_Collected data_.
# # #

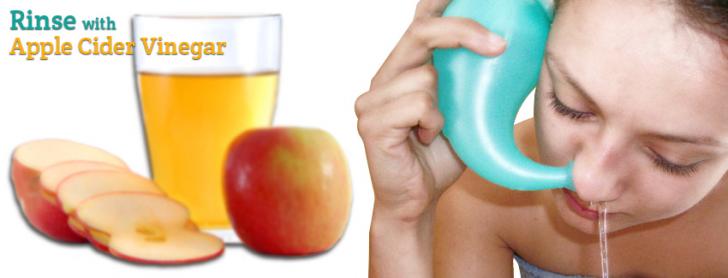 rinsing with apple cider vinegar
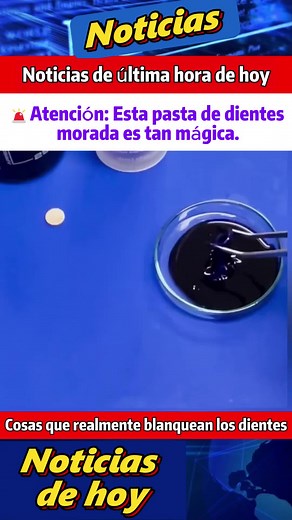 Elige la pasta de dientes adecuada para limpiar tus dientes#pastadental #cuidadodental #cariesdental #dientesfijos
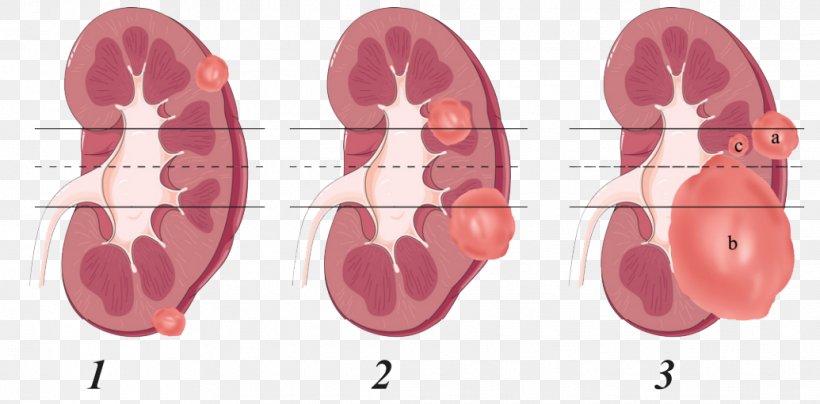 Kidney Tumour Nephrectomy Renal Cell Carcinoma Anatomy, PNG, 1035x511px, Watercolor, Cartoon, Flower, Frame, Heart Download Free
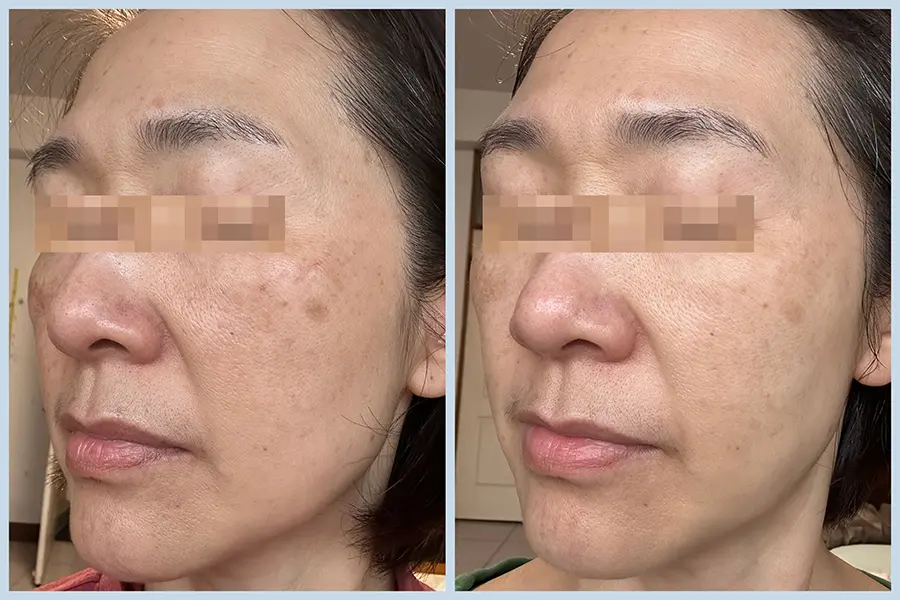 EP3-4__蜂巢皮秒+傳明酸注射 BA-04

# # #

_Task to complete_. Except for the pictures, print the data above exactly.

_Final answer_.
 rinsing with apple cider vinegar
 Elige la pasta de dientes adecuada para limpiar tus dientes#pastadental #cuidadodental #cariesdental #dientesfijos
 Kidney Tumour Nephrectomy Renal Cell Carcinoma Anatomy, PNG, 1035x511px, Watercolor, Cartoon, Flower, Frame, Heart Download Free
 EP3-4__蜂巢皮秒+傳明酸注射 BA-04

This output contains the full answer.